Again, even when the right dietary therapy is there, majority of patients show at least 1-2 complications over the long term.
Classic galactosemia cases are caused by a severe deficiency in GALT . This deficiency is a genetic condition of the autosomal recessive kind. The gene for GALT can be found on chromosome 9p13.
In the United States, the incidence of this disorder is 1 case per 40,000-60,000 individuals. Internationally, there is a wide variation in terms of incidence. For instance, this ailment is prevalent in 1 case out of 70,000 people in the UK but in Ireland, only 1 out of 20,000 people. The disorder is not commonly reported amongst Asians .
Life expectancy has not been properly documented in individuals with this defect. However, there is a high mortality rate amongst new born infants who often develop sepsis caused by Escherichia coli. With the institution of a galactose-restricted diet, most patients reach adulthood .
Galactosemia can be seen in all races but the variants are dependent on the type of gene defect. The variants are mostly seen amongst the black population. Amongst affected individuals, 10% of enzyme activity is reported in the liver but there is no activity in the erythrocytes. In places where newborn screening is not possible, the individual’s ability to tolerate the ingestion of some milk hinders diagnosis.

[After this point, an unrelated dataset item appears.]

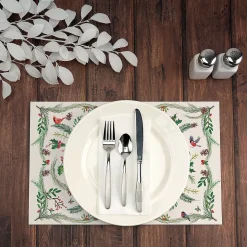 Christmas Paper Personalized Placemat Pad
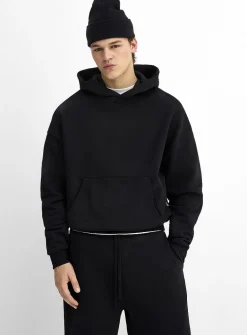 Heavy French terry hoodie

The Duarte variant is a recognized benign variety of the galactosemia problem. Amongst neonates with this defect, the newborn screening test results may or may not be positive and some of the neonates can easily tolerate normal diets. Such individuals may show increased galactose metabolite levels during infancy but less so in childhood .
It is still unknown whether dietary galactose restriction is necessary or beneficial for patients with the Duarte variant of galactosemia. A conservative approach which involves galactose restriction in the first year of life is taken by most metabolic disease experts. However, the restriction is largely down to the theoretical concerns of galactose toxicity in children with this Duarte variant.
Galactosemia affects both males and females equally. The disease is often diagnosed at infancy the most but variant forms of galactosemia can be diagnosed much later in adult life.
Hypergalactosemia is associated mostly with 3 major enzyme deficiencies. They are as follows:
There are no guidelines for prevention of Galactosemia.
Galactosemia in its hereditary form is a common carbohydrate metabolism condition. The disorder may be life threatening during the new born period.
First described in the variant patient in 1935 by mason and turner, GALT deficiency is the most common cause of hypergalactosemia. GALT means galactose-1-phosphate uridyltransferase .
The toxicity associated with infantile diseases can be dealt with appropriately by removing lactose However, complications occur long term .
For children who have the Galactosemia defect, a good deal of collaboration is required between the parents and the health personnel. Such children must only be given meals as prescribed by the experts.
However, you need to keep in mind that there is basically no classic diet for this defect. With different parents, doctors and clinics, different rules are followed. We have mentioned two guides followed by many nutritionist, clinics and doctors. You can get them from any closest health office to you.
It is still advised that you check with your clinic before settling for a specific diet regime. The importance of following your own doctor’s advice is important because various clinics have different recommendations.
This may add to the frustration of dealing with the condition but with proper collaboration between parents and the clinic, it becomes easier to make the best decision for the condition.